Tell us about yourself.
I am from originally from Donegal; my three sisters and I were raised just outside Ardara in the southwest of the county. Even though we were officially within the Gaeltacht region, very little Irish is spoken there anymore and, even though our mother is a native speaker, we were not raised with Irish ourselves. Nevertheless, we were steeped in Gaelic culture from a young age - I played with the Ardara GAA for some time in my youth and all of my sisters did Irish dancing. We were also sent to piano lessons, and this sparked in me a great passion for music. I went to St. Columba’s Comprehensive school, in Glenties, Co. Dongeal, and during my time at that excellent school, my interest in music and also in languages grew, especially towards end of the Leaving Cert.
After secondary school, I managed to get a place in the TSM (Two Subject Moderatorship) course with Music and Modern Irish in Trinity College Dublin. I spent four years there studying many different aspects of classical music as well as improving my spoken and written skills in the Irish language. In 2017, when I finished my undergraduate degree, I had the wonderful opportunity to undertake doctoral research with the Department of Irish in Trinity, working on editing and producing English translations of texts from the Classical Modern Irish period (1200–1650), and carrying out a detailed study on them. I am still working on this at the minute and I am also teaching as part of the team in the Department of Irish.
How did you initially start teaching adults?
The first time I ever taught a class, I was going into the third year of my undergraduate degree in 2015. The department asked me to develop a curriculum and to teach a class dealing with dialects, the kind of Irish spoken in Donegal especially. I was teaching a small group of adults, three of four in all, and it was really a great place to start as a young teacher to get accustomed to standing up in front of a group and teaching a class. I’ll ever forget how my hands were shaking going into that first class!
In 2017, I began teaching Elementary Irish in Trinity, a course directed at students here on Erasmus from other countries and who want to learn Irish from scratch. Again, I had the chance to develop my own curriculum, and I really learned a lot from that process. It was a larger group that I had in these classes, around ten in total.
So, when I started teaching with Gaelchultúr in 2018, I had a good bit of experience already, but I still feel like I am constantly learning and adding to my skills as a teacher.

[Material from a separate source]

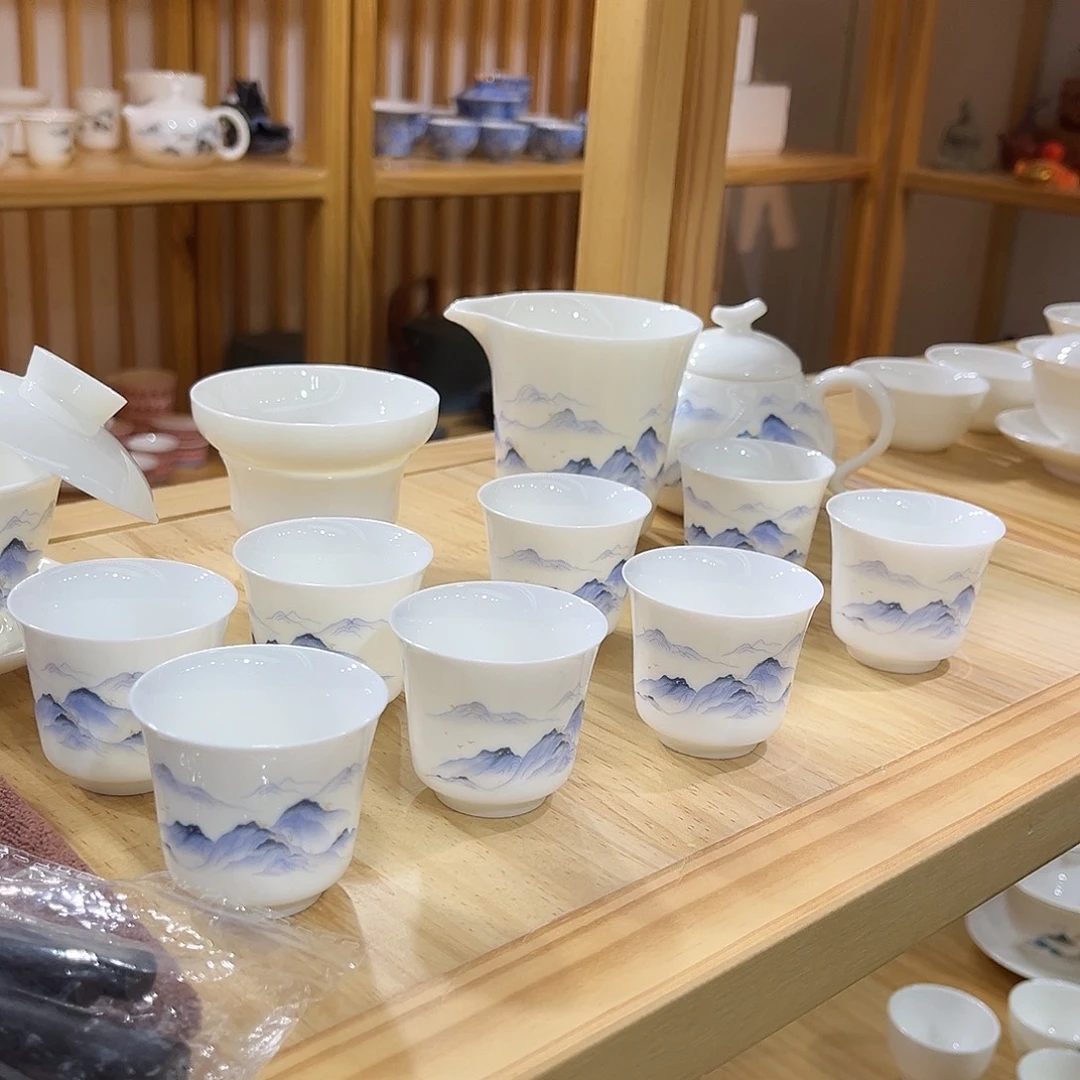 陶瓷等行业的生产和销售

I thoroughly enjoy every class that I teach and they give me the wonderful opportunity to meet with many new and interesting people who share the same interest in the Irish language. I usually teach Level B2 with Gaelchultúr, and so the students generally have a good grasp of the language before starting the course.

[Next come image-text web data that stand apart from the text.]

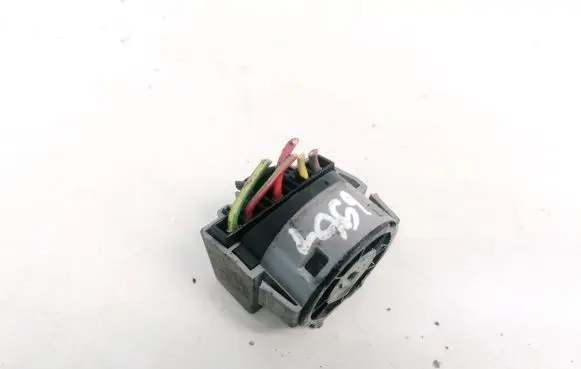 Ford Focus Ignition lock contact 98AB11572BE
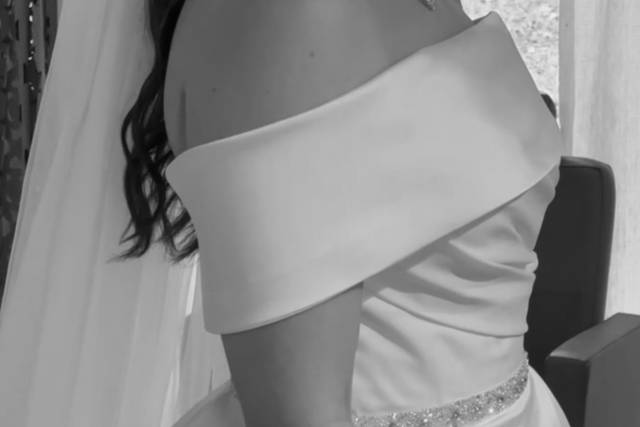 Making off | Noiva Beatriz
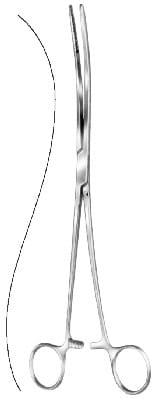 HSE 793-26, Sterilisierzange – Karl Hammacher, Other Dental Laboratory Materials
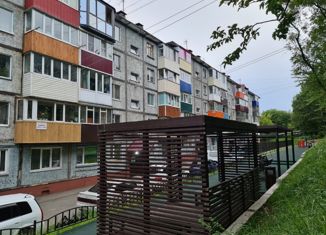Продам 2-ком. квартиру, 47.5 м2, Петропавловск-Камчатский, улица Академика Королёва, 9, микрорайон Горизонт-Юг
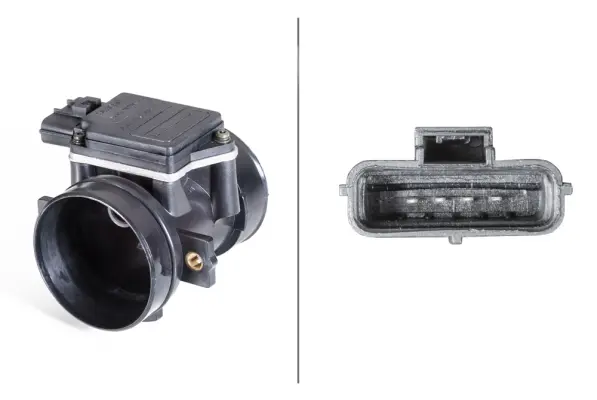 AIR MASS SENSOR                      8ET Hella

What do you do when you’re not teaching Irish?
The main thing that I’m working on at the minute is my doctoral research. I spend between 16 and 20 hours per week at my desk in Phoenix House on Leinster Street South working on the texts I have chosen for the PhD. I do believe, however, that it’s important to find the right balance between studies and exercise, and I make an effort to spend an hour at the gym at least four times a week.
I also have another job at the National College of Ireland, in the Commercial Office, where I work part-time helping the staff with the upkeep of the residential campus. I am actually living on-campus there, and the hours I spend working in the office give me relief from the terrible rent prices usually facing students in Dublin these days.
What do you do in your free time?
Between work and study, I’m afraid I don’t have much free time at the minute. I have a great interest in languages, not just Irish, and so I spend a lot of my free time practicing the other languages I’m learning — for fun more than anything else! My partner is from Brazil, and we speak a mix of English and Portuguese together. I often watch Portuguese films and series, and I try reading books as well to help build my vocabulary. I also have an interest in the other Celtic languages, and I have been learning Welsh by spending about half an hour every evening on the Duolingo app, which it terrific for complete beginners like myself!
What are your plans for the coming months?
I’m going into the final year of my doctorate this year, and so I am expecting to be very busy between now and next August when I’ll have to submit my thesis. I have to start thinking now about where I will be in the future, especially what kind of job I want. I’m seriously considering a career in translation, rather than continuing on in academia. So I’m considering starting a part-time course in translation with Gaelchultúr to see if a job in that field would suit me. It would also give me the chance to improve my own Irish. Hopefully, this time next year I will have my PhD, and I’m looking forward to taking a proper break from studies and work, though I’ll probably continue teaching.
After that, I will have some decisions to make about the future, as many others my age also have to do; where to go, and what career to pursue. I’m not too worried about that just yet though. As my mother would say to us, time will tell!